The promising new research explained.
Probiotics are so hot right now. Every week bring news of another benefit tied to these tiny bacteria, which naturally congregate by the millions in your gut and intestines. Recent research has shown probiotics can aid digestion and ward off illness. And a new study, published in the British Journal of Nutrition, links one probiotic strain to fat loss. But can you trust the weight-reduction claims?
First, the science: A team of Japanese researchers split 210 overweight people into three groups. While everyone consumed a daily 7-ounce serving of fermented milk, two of the groups drank milk spiked with varying amounts of a probiotic called Lactobacillus gasseri SBT2055, which past research has tied to fat loss. After 12 weeks, people slugging the probiotic milk formulas dropped roughly 8 to 9 percent of their visceral fat—a particularly unhealthy type that builds up around your heart and organs. Both probiotic groups also lost 1 to 3 percent of their belly fat, the study shows.
Your intestines manage the digestion and absorption of the foods you eat, explains study co-author Yukio Kadooka, a researcher with the Snow Brand Company in Japan. And it’s possible the probiotic featured in the study lowers intestinal inflammation and aids digestion, both of which could prevent the buildup of body fat, Kadooka says.
But here’s the first problem: The probiotic strain highlighted in this research isn’t commercially available in the U.S., Kadooka says.

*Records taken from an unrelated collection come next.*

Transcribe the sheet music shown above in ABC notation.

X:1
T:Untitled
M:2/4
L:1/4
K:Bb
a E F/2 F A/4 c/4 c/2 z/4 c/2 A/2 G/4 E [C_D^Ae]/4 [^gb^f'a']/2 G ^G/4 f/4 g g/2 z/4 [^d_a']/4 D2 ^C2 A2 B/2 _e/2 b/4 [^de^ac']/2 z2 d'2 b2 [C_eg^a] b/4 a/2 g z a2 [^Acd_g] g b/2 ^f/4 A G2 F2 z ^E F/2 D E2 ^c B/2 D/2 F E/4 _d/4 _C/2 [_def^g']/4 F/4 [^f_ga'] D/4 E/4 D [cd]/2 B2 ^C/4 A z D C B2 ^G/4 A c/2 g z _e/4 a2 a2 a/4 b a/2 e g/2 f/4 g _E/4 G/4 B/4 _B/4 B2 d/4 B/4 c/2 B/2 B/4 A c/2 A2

The second problem: Like Kadooka’s study, most of the research linking probiotics to weight loss have been conducted (or funded) by companies who sell products containing those same probiotics. Now, that doesn’t mean the research isn’t valid, says Jeremy Burton, PhD, deputy director of the Canadian Research and Development Centre for Probiotics. “There’s nothing wrong with companies investing in studies, but it’s better when the study is backed up by independent research,” Burton adds.
So far, that independent research is either inconclusive or contradictory. A study published in the International Journal of Obesity found that while some strains of probiotics aid weight loss, others contribute to obesity. “The research now is premature, and requires more analysis,” says that study’s co-author, Didier Raoult, MD, PhD, a Marseille, France-based microbiologist.
Your takeaway? Probiotics offer benefits “to be sure,” Burton says, and research has supported the digestive-health claims of products like Dannon’s Activia yogurt. But the jury’s still out on probiotics when it comes to weight loss. “There’s definitely a role for probiotics in dieting,” Burton adds. “But were still teasing apart all the mechanisms involved.” So for now, don’t count on a probiotic to replace your treadmill or diet plan.